His son Jehoshaphat was by far the best king who had reigned since the schism. He had much of the character of both David and Solomon, and was thoroughly pious and devout, as well as wise, large-hearted, and valiant. He took away all that was idola. trous-images and wooden pillars, and mountain shrines—which had sprung up in those latter days of his father's forgetfulness of God. This was a work that every good king did again and again. The truth seems to have been that the people of Judah were so fond of their forbidden high places and pillars of Ashtoreth, that after every great clearance by a zealous king they gradually restored and crept back to them. Jehoshaphat, however, deprived them of the excuse of ignorance by sending priests and Levites, carrying the Book of the Law, namely the books of Moses, to teach them throughout their cities. There was at this time a great outpouring of the Spirit of prophecy, and while great prophets were rebuking sinful Israel, many fresh psalms were added to the existing store by the descendants of Asaph, who mark them as psalms of Asaph, and also as by the “sons of Korah," the other musical Levites of the Temple.

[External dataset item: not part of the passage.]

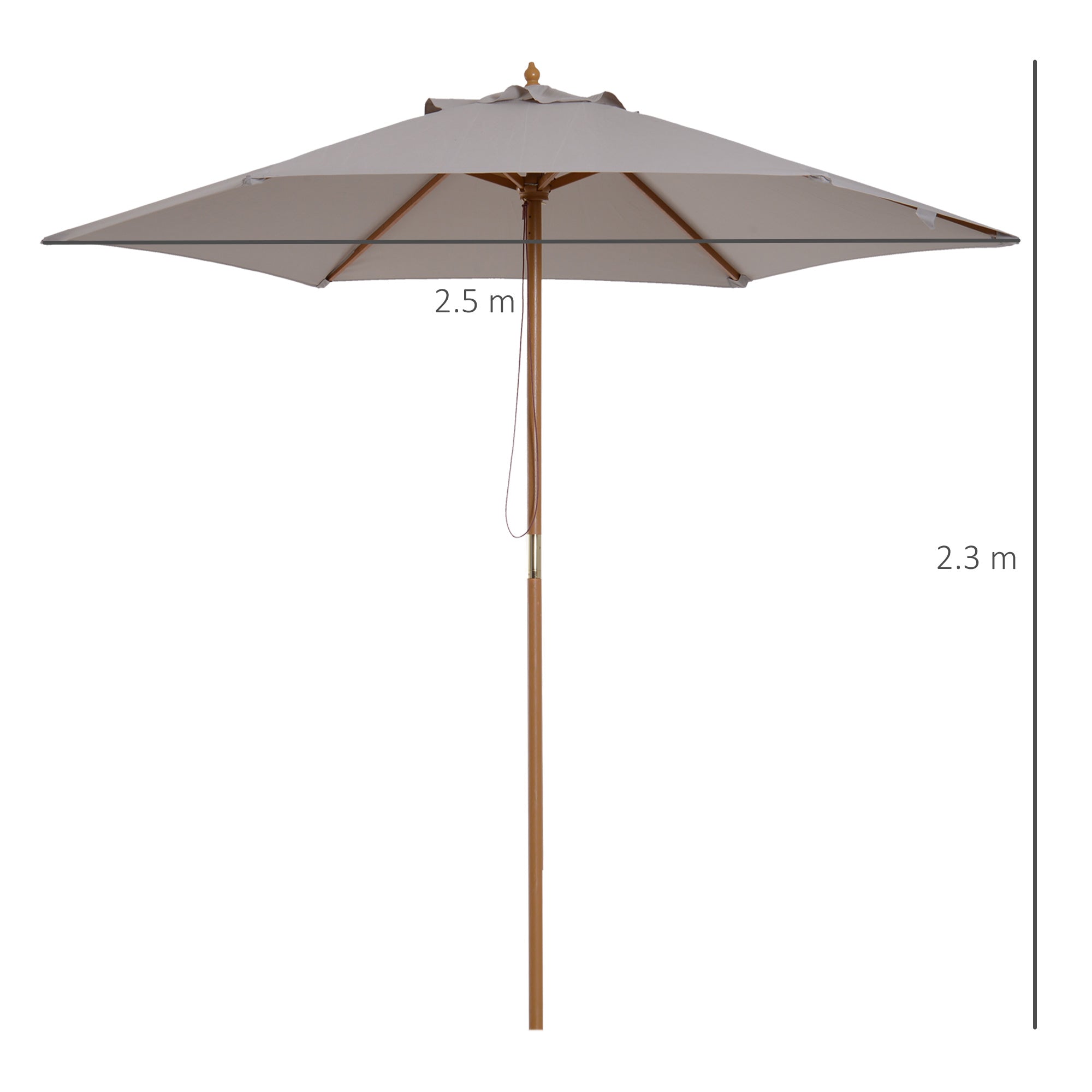 Outsunny 2.5m Wood Garden Parasol Sun Shade Patio Outdoor Wooden Umbrella Canopy Grey 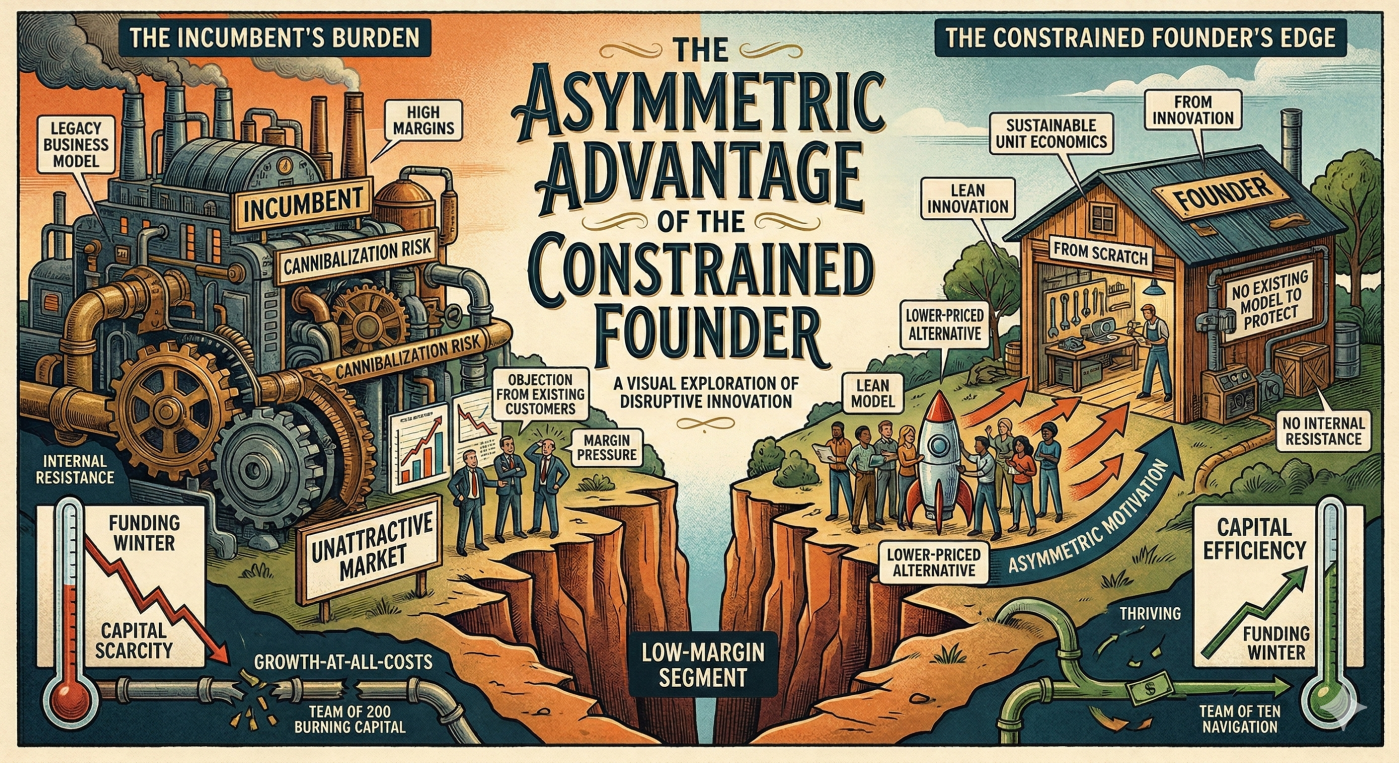Disruptive innovation curve — incumbent retreat creating strategic space for disruptors in underserved market segments during a downturn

Jehoshaphat was a great and prosperous monarch. His Judæan mountains were inhabited by a brave, industrious, happy people, cultivating to the very utmost the terraces on the mountains ; his army was always ready to be called out, and had captains of name and fame, who are recorded in the Chronicles as David's had been ; he fortified his cities, and had the Philistines and Arabs tributary to him, as well as the Edomites ; so that the glorious days of Solomon had returned, even to the shorn and diminished kingdom. What a contrast were the two kings!